Джуно-Джейн невдомек, что квадратики на газетной бумаге — все равно что загоны для рабов во дворе у торговца. Внутри каждого из них — история о человеке, проданном в чужие края.
— С тех пор как окончилась война, на плантации время от времени приходят чьи-нибудь родители. Они говорят: «Мы пришли за своими детьми. Отдайте их нам. Они теперь наши». Кто-то проходит через всю страну, чтобы только вернуть себе близких. После того как нам даровали свободу, никакие массы с их женами не в силах этому помешать. Но за мной так никто и не пришел. Я все жду, но никто не идет, а почему — я и сама не знаю. Может, это, — я показываю на газеты, — поможет понять, в чем тут дело. Я должна узнать правду, и пока не узнаю, никуда не поеду. Ни за что…
Но не успеваю я договорить, как Джуно-Джейн начинает срывать со стен газеты.
— Мы их возьмем с собой и будем читать по пути, — объявляет она и даже поднимает несколько обрывков с пола.
— Это же воровство! — возмущаюсь я. — Нельзя их забирать отсюда!
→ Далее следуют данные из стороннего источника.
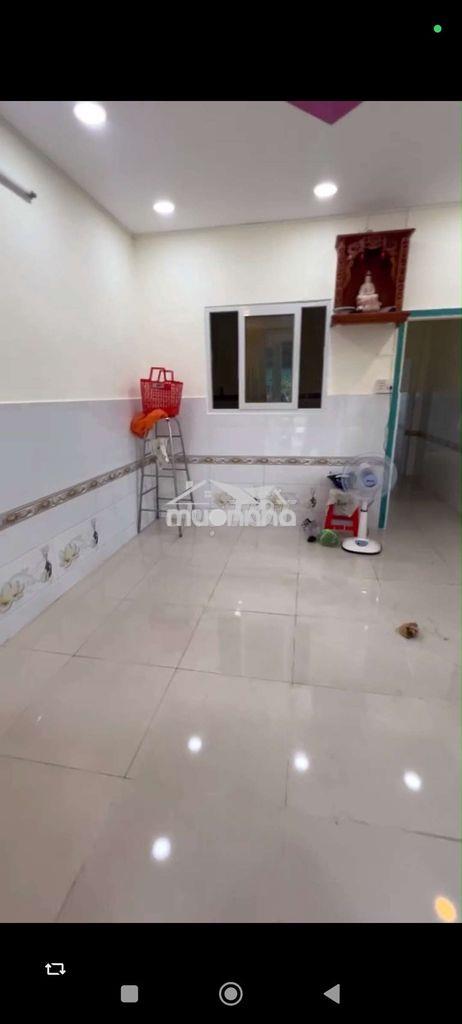 Nhà cho thuê 1 tấm 3 phòng ngủ 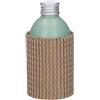 LA Saponaria Srl Soc.benefit La Saponaria Dispenser Refill Eco-Bagnodoccia in Alluminio 1 pz Bottiglie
— Тогда я все это сожгу! — Джуно-Джейн кидается к печке — проворно, точно кошка, — и распахивает дверцу. — Сожгу — и всем спорам конец!
— Я тебе тогда руки твои костлявые повыдергиваю.
— Здешние прихожане уже их наверняка прочли, — говорит Джуно-Джейн, прижимая к себе ворох газетных листов. — А когда мы дочитаем, оставим там, где их еще не видели. Это же только на пользу, разве не так?
На это мне нечего возразить, да и, честно говоря, не хочется, и я соглашаюсь.
Когда утро уже в разгаре и старуха, наверное, уже нашла долларовую монетку из кошелька мисси — плату за постой в церкви… и за газеты, — мы успеваем отъехать на приличное расстояние от нашего убежища.
Представляю, как наша троица выглядит в этих мешковатых бриджах! Джуно-Джейн спрятала свои длинные волосы под рубашку. А мисси Лавиния сидит на Искорке передо мной, и ее голые розовые ноги безвольно свисают вдоль лошадиных боков. Хозяйка пришла бы в ярость от вида этих оголенных стоп и лодыжек. Но юная мисси молчит, только держится за лошадиную шею да смотрит в сторону леса невидящим взглядом, бледная, точно полоска молочно-серого неба над нами.
Я уже начинаю тревожиться, отчего к ней не вернулся разум? Почему она не заговорила, как Джуно-Джейн? Неужели мисси всегда теперь будет такой? Может, все дело в шишке на голове, или Джуно-Джейн просто крепче духом? Она едет впереди и разговаривает по-французски со своим конем, обняв его руками за шею и уткнувшись в гриву.
Днем мы делаем остановку, чтобы подкрепиться и дать лошадям отдохнуть. Я ухожу в лес справить нужду, а когда возвращаюсь, застаю Джуно-Джейн с охотничьим ножом в руке и ворохом чего-то черного в другой. Земля вокруг нее усеяна длинными темными прядями, точно здесь только что остригли овцу. Джуно-Джейн сидит на них, будто в гнезде, и на одной половине головы у нее волосы короткие и взъерошенные, словно пух у птенчика. Наверное, я ошиблась, и разум к ней еще не полностью вернулся.